As such controversies spread, so do qualms about the efficacy, and ethics, of symbolic changes.

"I just don’t think that changing the mascot is going to alter what has been done historically," one 1973 Amherst alum at the homecoming game told moose supporters, according to the New York Times.

At Princeton, a petition with nearly 1,800 signatures against the proposed Wilson name change calls it "an alarming call for historical revisionism." 

In a November essay, New Yorker editor Joshua Rothman takes up what is called "dissonant heritage," or as he says, "heritage that is now unwanted": the pesky difficulty of unsavory history too big, or too visible, to be ignored. Mr. Rothman argues that "dissonant heritage" takes on a special role at the nation's elite universities, which often stand as carefully-constructed monuments to a certain American ideal – an ideal that embraces free speech and academic inquiry, but whose finer points are subject to fierce argument. 

"For two hundred years, these universities have used their campuses to create an unreal vision of American history. They should start thinking about what an honest vision might look like," Rothman offers. 

The Byrd controversy "illustrate the ideal and the challenge now roiling American campuses everywhere: to reconcile racial justice and free expression," Maryland's President Loh writes. "This clash of competing ideas and values does not undermine an institution of learning. It strengthens it."

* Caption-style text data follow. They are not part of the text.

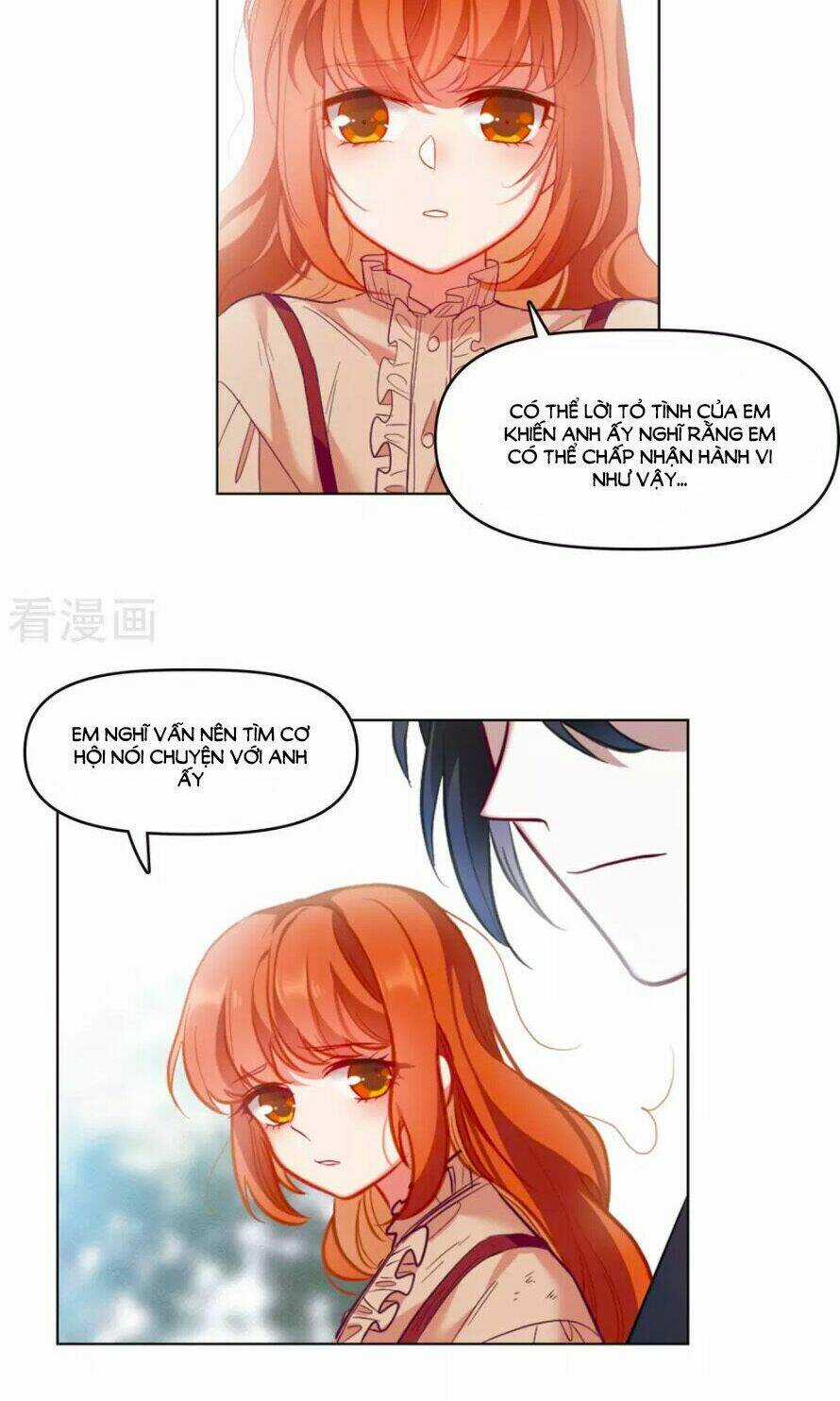 Địa Ngục Cáo Bạch Thi Chapter 82 trang 6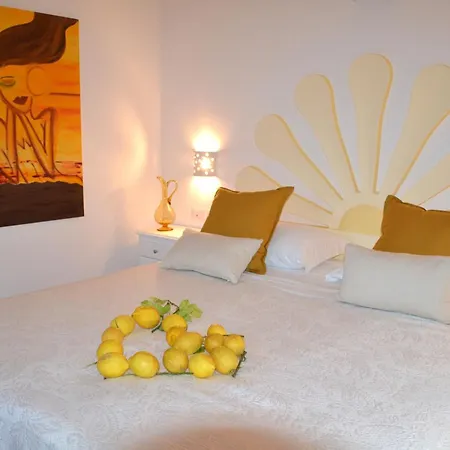 Hotel Santa Chiara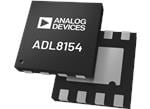 Analog Devices Inc. ADL8154低位相ノイズアンプ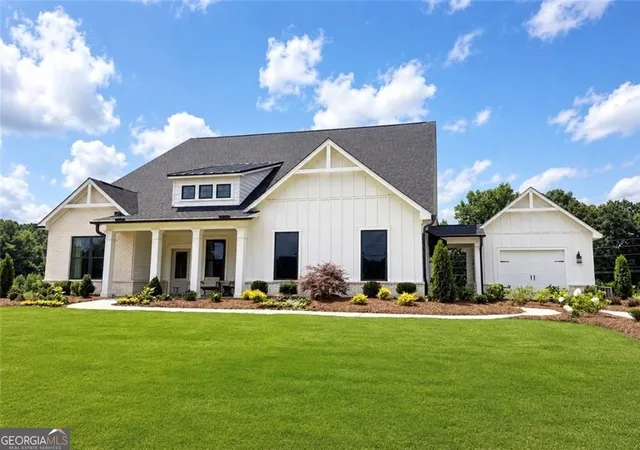 1st image of 8575 Oak Hollow Wy, Cumming, GA 30041 | MLS# 10801079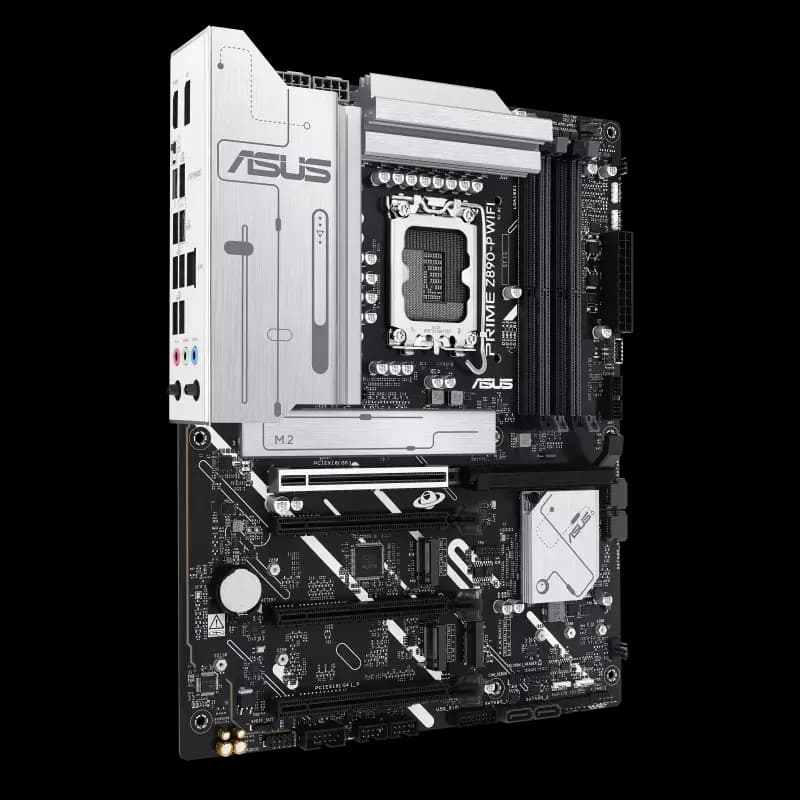 ASUS, PRIME Z890-P WIFI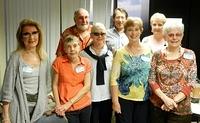 South Florida's Support Group Meeting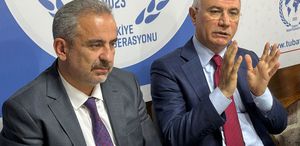 Efkan Ala: CHP’li belediyeler skandal üretim merkezi haline gelmiş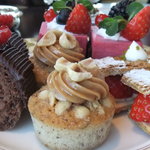 ザ・ロビーラウンジ - 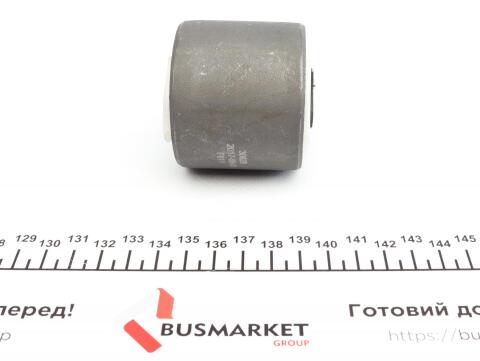 Сайлентблок важеля (переднього) BMW 5 (E34)/7 (E32) 87-97 (14x58x48)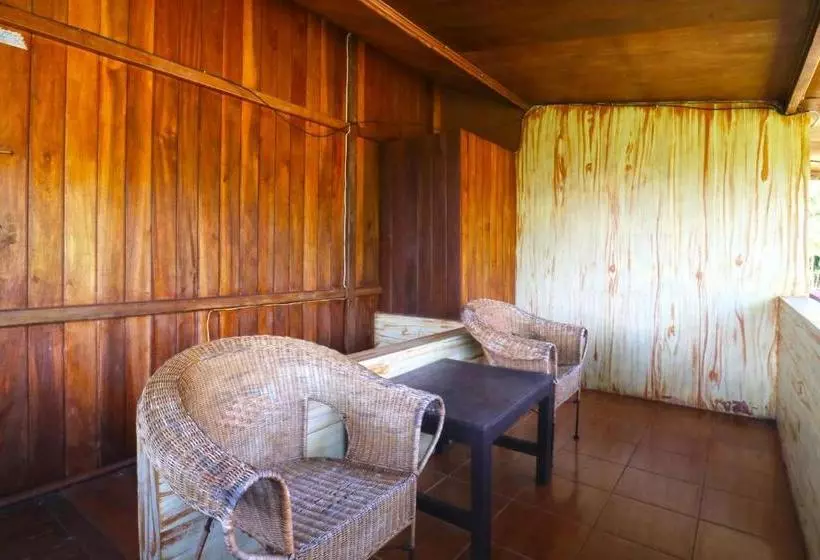 Aquarius Orange Resort
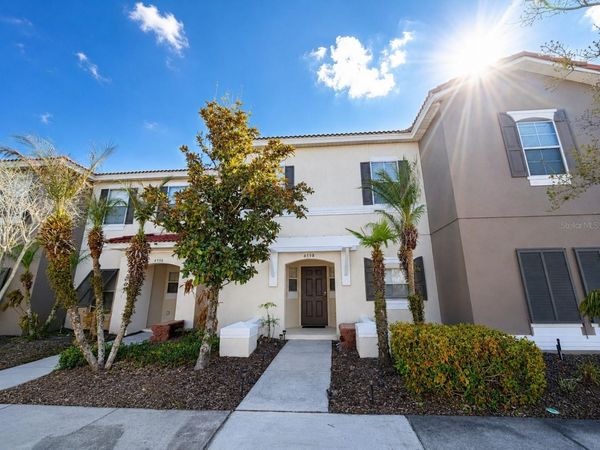 4558 ADA LANE, KISSIMMEE, FL 34746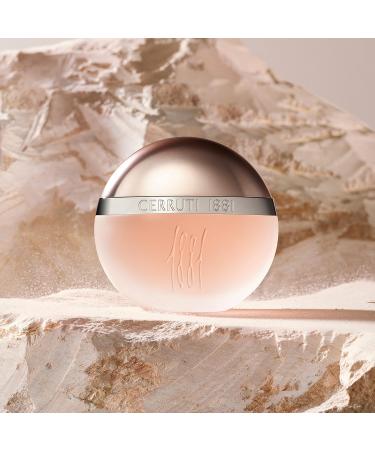 Nino Cerruti 1881 Women Eau De Toilette Spray 1 Ounce - Buy Online on GoSupps.com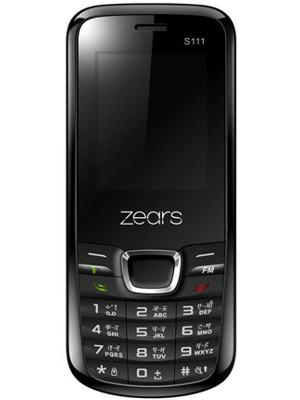 Zears S111 Fizz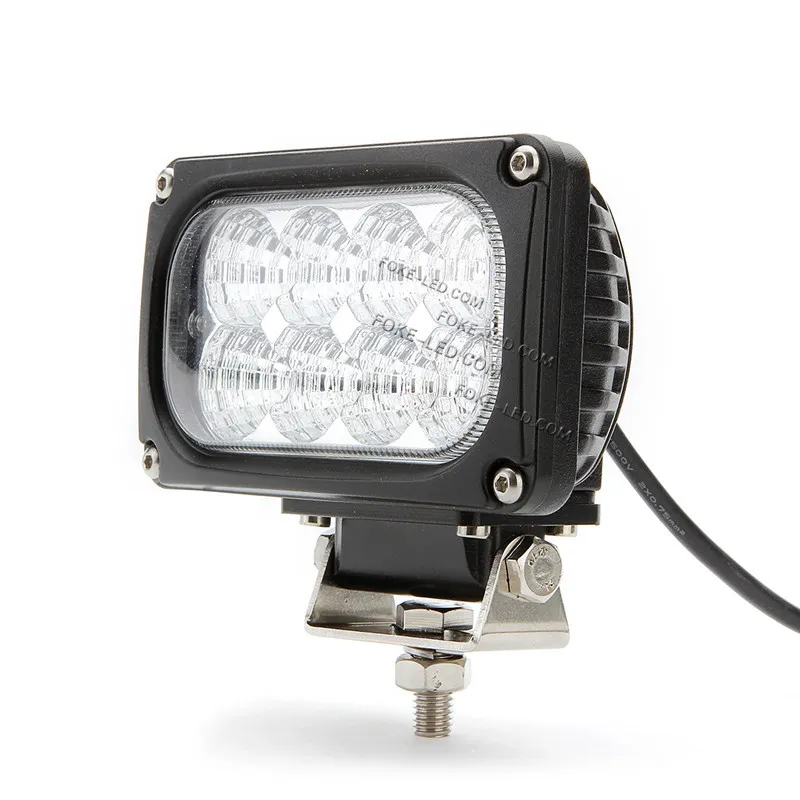 Luz LED Agrícola 5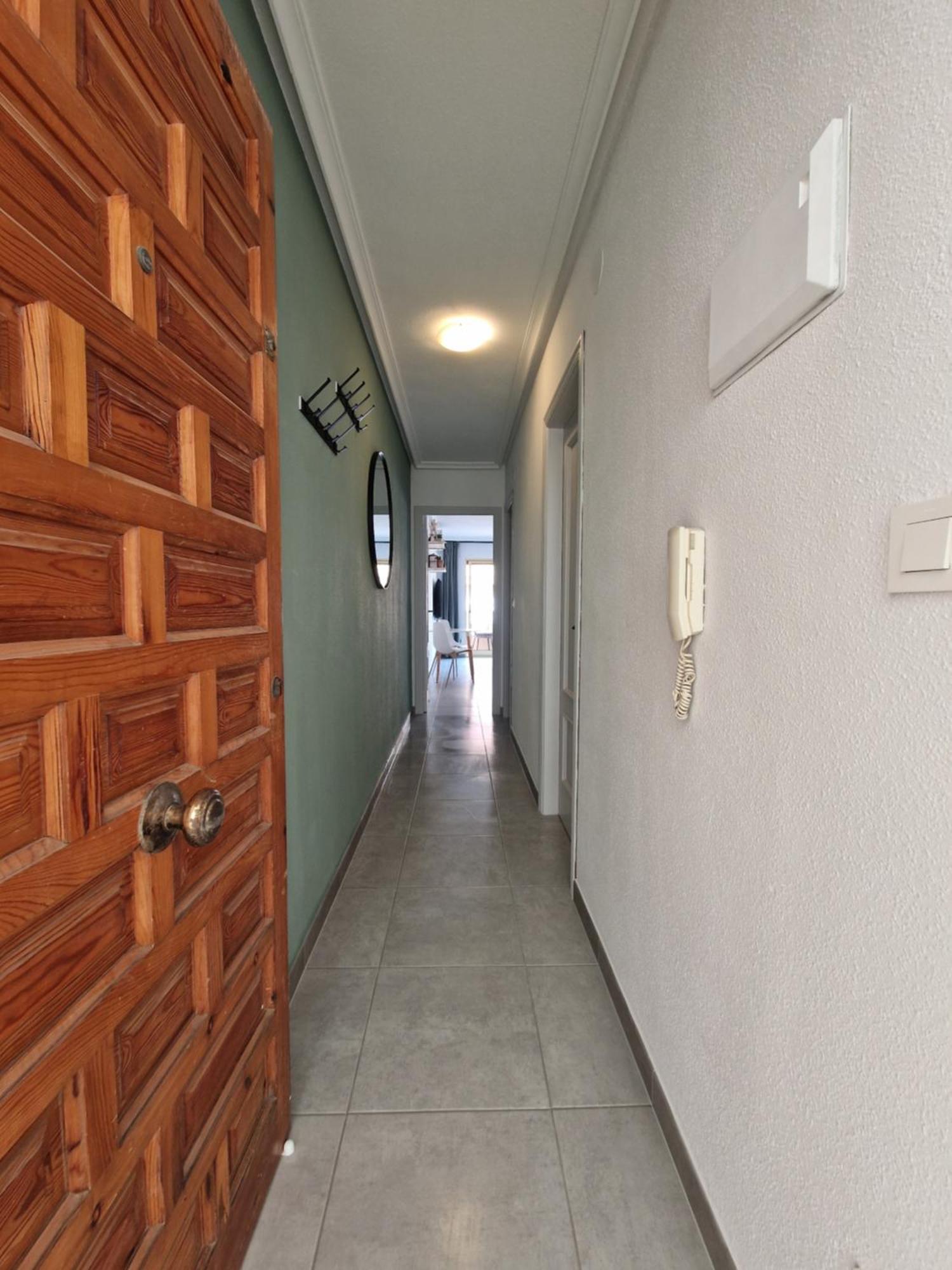 Casa Del Sol Apartment San Pedro del Pinatar Luaran gambar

The theme of worthwhile debate and empathy is also underscored in an email to the Amherst College community from President Carolyn "Biddy" Martin: 

True intellectual community is the coming together of people from different backgrounds with different points of view, who share the love of learning and reasoned debate; who are committed not only to individual success, but the good of the whole; and who can allow themselves and others to be less than perfect. In a country that stands for freedom and equality of opportunity, we all have a responsibility to do what we can to combat systemic forms of discrimination and bias.